About this exercise: Only lines containing the word "online" belong in the answer; copy each one from the records.

(Data extracts)

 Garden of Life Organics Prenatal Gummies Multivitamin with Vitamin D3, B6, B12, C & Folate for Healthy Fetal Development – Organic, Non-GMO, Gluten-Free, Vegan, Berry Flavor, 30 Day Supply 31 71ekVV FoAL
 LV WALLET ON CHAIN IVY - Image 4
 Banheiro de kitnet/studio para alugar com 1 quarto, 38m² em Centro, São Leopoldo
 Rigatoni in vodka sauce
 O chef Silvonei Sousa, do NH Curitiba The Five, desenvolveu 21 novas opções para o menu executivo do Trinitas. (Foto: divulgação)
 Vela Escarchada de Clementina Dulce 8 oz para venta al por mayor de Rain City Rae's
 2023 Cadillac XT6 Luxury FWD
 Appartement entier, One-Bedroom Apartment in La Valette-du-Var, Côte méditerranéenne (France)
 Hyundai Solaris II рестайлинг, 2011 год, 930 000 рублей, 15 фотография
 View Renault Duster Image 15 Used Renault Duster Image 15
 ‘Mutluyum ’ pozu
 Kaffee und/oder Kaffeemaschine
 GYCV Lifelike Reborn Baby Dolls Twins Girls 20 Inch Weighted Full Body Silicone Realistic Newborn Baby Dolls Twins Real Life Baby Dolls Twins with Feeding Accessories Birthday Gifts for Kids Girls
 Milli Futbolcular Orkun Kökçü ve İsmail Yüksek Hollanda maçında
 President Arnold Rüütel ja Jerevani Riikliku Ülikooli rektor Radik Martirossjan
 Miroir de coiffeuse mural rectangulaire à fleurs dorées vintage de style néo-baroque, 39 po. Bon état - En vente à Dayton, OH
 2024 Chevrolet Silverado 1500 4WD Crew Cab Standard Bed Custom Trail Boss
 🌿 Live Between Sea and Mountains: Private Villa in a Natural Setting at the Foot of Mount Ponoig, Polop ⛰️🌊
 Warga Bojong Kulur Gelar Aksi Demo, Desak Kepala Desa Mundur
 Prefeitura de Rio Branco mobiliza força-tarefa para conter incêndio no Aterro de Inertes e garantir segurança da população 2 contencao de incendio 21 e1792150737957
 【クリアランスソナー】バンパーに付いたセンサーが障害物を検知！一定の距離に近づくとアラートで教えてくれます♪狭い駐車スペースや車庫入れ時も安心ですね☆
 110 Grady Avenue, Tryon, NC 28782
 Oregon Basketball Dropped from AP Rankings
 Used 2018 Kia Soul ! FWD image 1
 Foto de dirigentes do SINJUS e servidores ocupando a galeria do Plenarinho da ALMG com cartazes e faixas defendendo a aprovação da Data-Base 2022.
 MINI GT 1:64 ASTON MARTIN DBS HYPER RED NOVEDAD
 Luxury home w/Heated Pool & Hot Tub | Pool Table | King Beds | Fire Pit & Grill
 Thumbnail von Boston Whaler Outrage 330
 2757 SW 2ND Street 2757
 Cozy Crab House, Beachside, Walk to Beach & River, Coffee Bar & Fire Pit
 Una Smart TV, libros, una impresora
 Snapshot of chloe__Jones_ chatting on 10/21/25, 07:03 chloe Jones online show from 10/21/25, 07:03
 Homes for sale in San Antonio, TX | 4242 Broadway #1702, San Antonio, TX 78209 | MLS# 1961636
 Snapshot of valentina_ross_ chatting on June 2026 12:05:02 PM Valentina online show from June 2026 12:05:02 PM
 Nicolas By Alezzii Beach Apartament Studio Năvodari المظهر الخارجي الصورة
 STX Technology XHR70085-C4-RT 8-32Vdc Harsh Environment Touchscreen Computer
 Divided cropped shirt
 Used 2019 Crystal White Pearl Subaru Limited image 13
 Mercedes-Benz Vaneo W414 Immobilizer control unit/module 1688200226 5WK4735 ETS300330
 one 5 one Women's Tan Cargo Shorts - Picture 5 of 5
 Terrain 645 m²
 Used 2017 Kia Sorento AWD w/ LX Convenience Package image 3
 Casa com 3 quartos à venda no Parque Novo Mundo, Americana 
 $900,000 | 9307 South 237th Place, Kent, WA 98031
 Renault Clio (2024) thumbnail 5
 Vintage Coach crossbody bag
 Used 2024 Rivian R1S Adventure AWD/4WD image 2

(End Data extracts)

Response:
 Snapshot of chloe__Jones_ chatting on 10/21/25, 07:03 chloe Jones online show from 10/21/25, 07:03
 Snapshot of valentina_ross_ chatting on June 2026 12:05:02 PM Valentina online show from June 2026 12:05:02 PM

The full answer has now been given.